Electrification of transport, plus increased deployment of energy storage systems, requires a huge ask in terms of the ramp-up in supply of battery raw materials. Under our most recent base case view, supply of materials like lithium, cobalt, nickel, graphite and manganese appears largely adequate over a 10-year forecast horizon, but most markets move quickly in deficit beyond 2030 as EV sales ‘take off’.

So the prospect of a fast-tracked decarbonisation story, an ‘Accelerated Energy Transition’ as we call it, naturally raises many questions for us in terms of how these materials supply-chains might cope. In this report, we examine two possible scenarios for faster decarbonisation of transport, and their key implications. Read on for the highlights of this research, or visit the store to purchase the full report, with detailed analysis of the growth in demand and other implications for battery raw materials.

Demand

In addition to our base case views across various commodities, we run two scenarios at Wood Mackenzie through our integrated research team.

The Accelerated Energy Transition (AET) builds on our base case view, but as the name suggests, reflects heightened societal preference to meet the challenges presented by the quest for sustainability. It is broadly consistent with a 2.5 degrees Celsius global warming view. Our ‘2-Degree Scenario’ (AET-2) sees the cumulative trajectory align with the Paris agreement, and limits global warming to 2.0 degrees Celsius. Both scenarios naturally require more aggressive adoption rates of EVs, and greater deployments of Energy Storage Systems as renewable energy carves out a higher share of demand.

Looking just at the AET, bringing EV uptake forward by 10 years understandably accelerates demand for batteries and the raw materials that go into them. Under the AET scenario, of course, metals demand is markedly higher, but it is the incremental additional demand required through the medium-term which looks particularly challenging.

In the full report, we look at demand from the EV sector under both of those scenarios between now and 2030 for the following battery raw materials:

  • Lithium
  • Cobalt
  • Nickel
  • Graphite

Visit the store or contact us to learn more.

Implications

The challenge in terms of cell supply and raw materials demand from both the AET and AET-2 are crystal clear.
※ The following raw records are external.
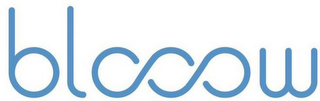 BLOOOW logo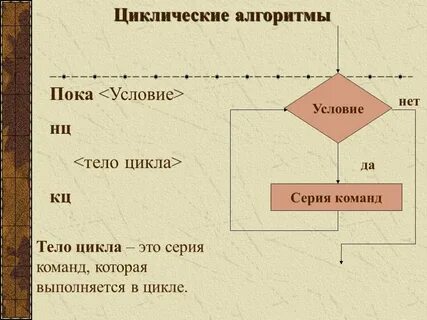 Нц кц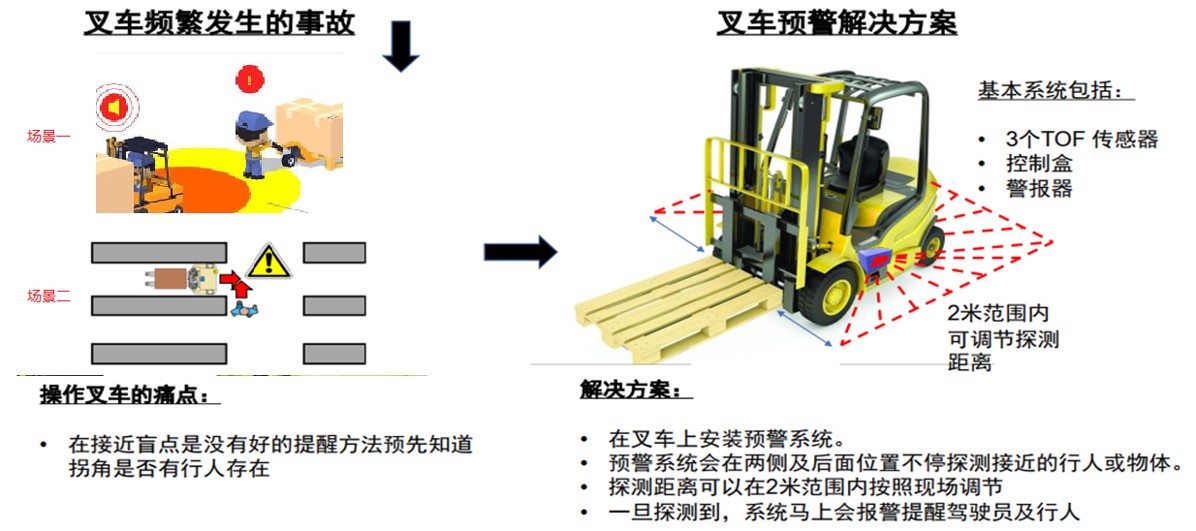 叉车安全LHS立宏安高的解决方案安全可靠，价格实惠！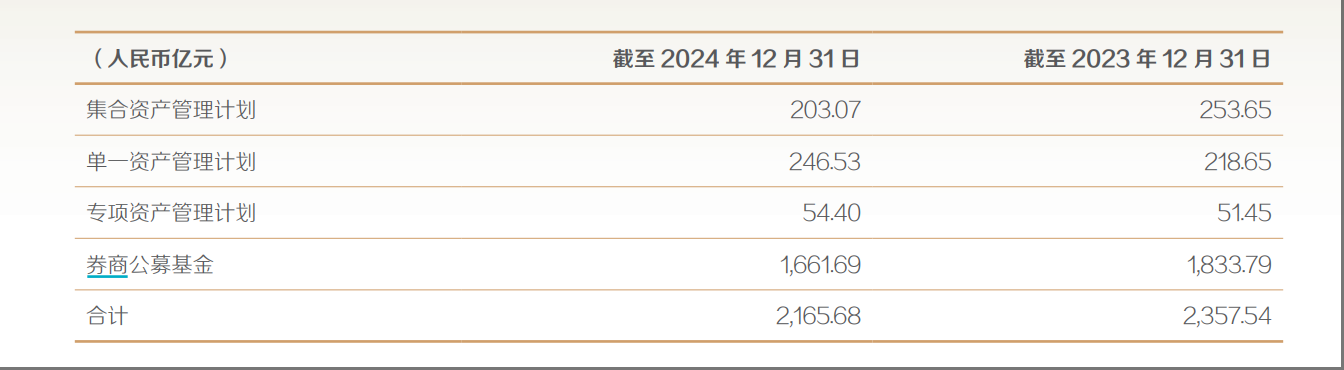 东证资管总经理张锋离任，东方红品牌昔日荣光不在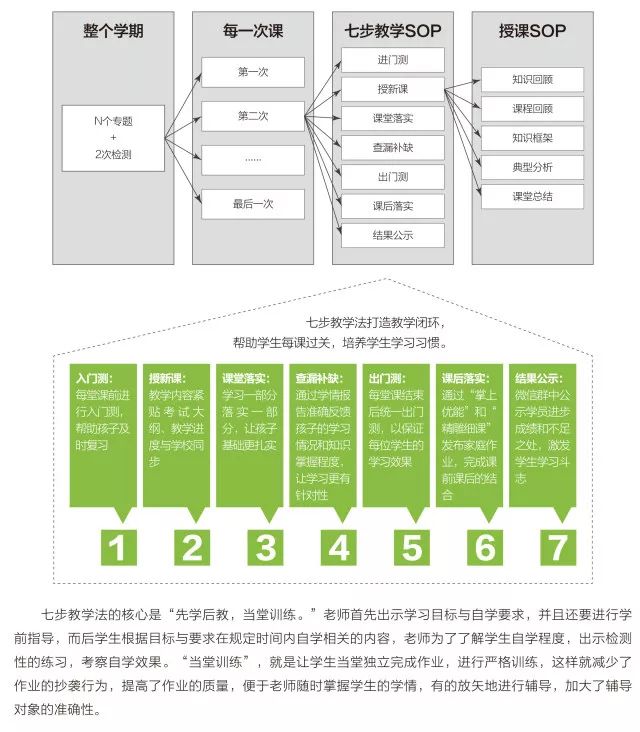 建筑砌块销售 第422页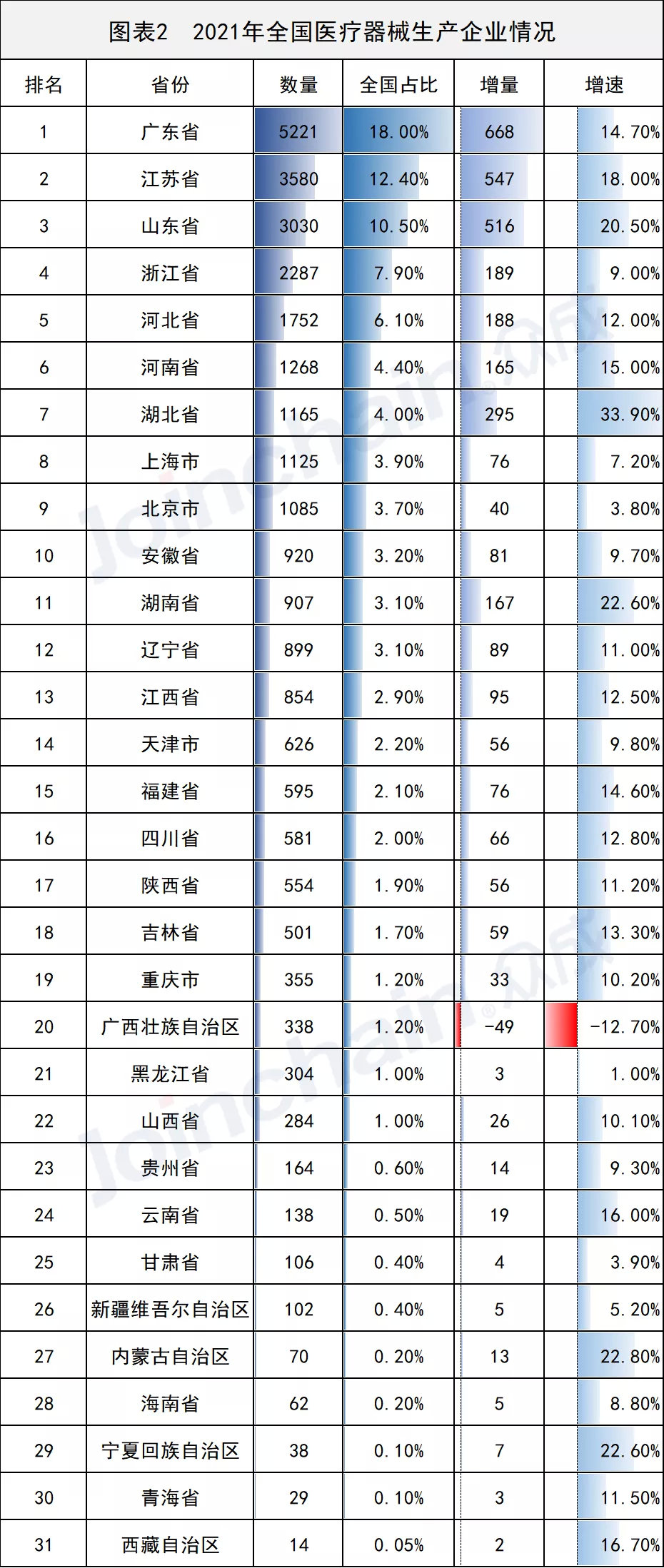 全國(guó)醫(yī)械生產(chǎn)企業(yè)有多少？省級(jí)排名揭曉(圖2)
While AET-2 looks to all extent impossible to achieve given current technologies and metals supply projections, AET merely looks ‘extremely challenging’. Both scenarios leave us with two simple options: increase supply or decrease demand. In the full report, we look at possible routes to match supply and demand:

  • What if OEMs vertically integrate through to mines?
  • What if governments intervene to accelerate mining projects?
  • What if alternate metals were fast-tracked?
  • How could faster charging decrease demand for raw materials?
  • What if fuel-cell technology displaces demand for lithium-ion technology?
  • How likely is a technology breakthrough?

Conclusion

The accelerated energy transition scenarios – AET and AET-2 – starkly illustrate the challenge from a battery raw materials perspective of limiting global warming to below 2.5 degrees Celsius. They also illustrate the current distance between rhetoric from some politicians and environmentalists, and what is required on the metals and mining side.

Clearly, if the world is to pursue an accelerated energy transition, much more capital will be required in a very short space of time for the development of the battery raw materials supply chain – from mines through to refineries and cell production facilities. Yet with low prices and the global economy in the midst of its worst recession for years, the prospect of this is currently pretty limited.

In the full report, we have outlined various ways that the huge scale of the challenge could be reduced. But this is not to say these scenarios are necessarily achievable. Most of these ‘enablers’ have quite a low likelihood of materialising in the timescale required. Moreover, if anything, the scale of the challenge is so large that we would need all to materialise at once. That is, the stars need to perfectly align! Perhaps the main conclusion we can draw is that for an accelerated energy transition to succeed in transportation, ‘normal rules’ in areas like capital allocation, governmental support for mining and even globalised supply-chains, will need a re-think.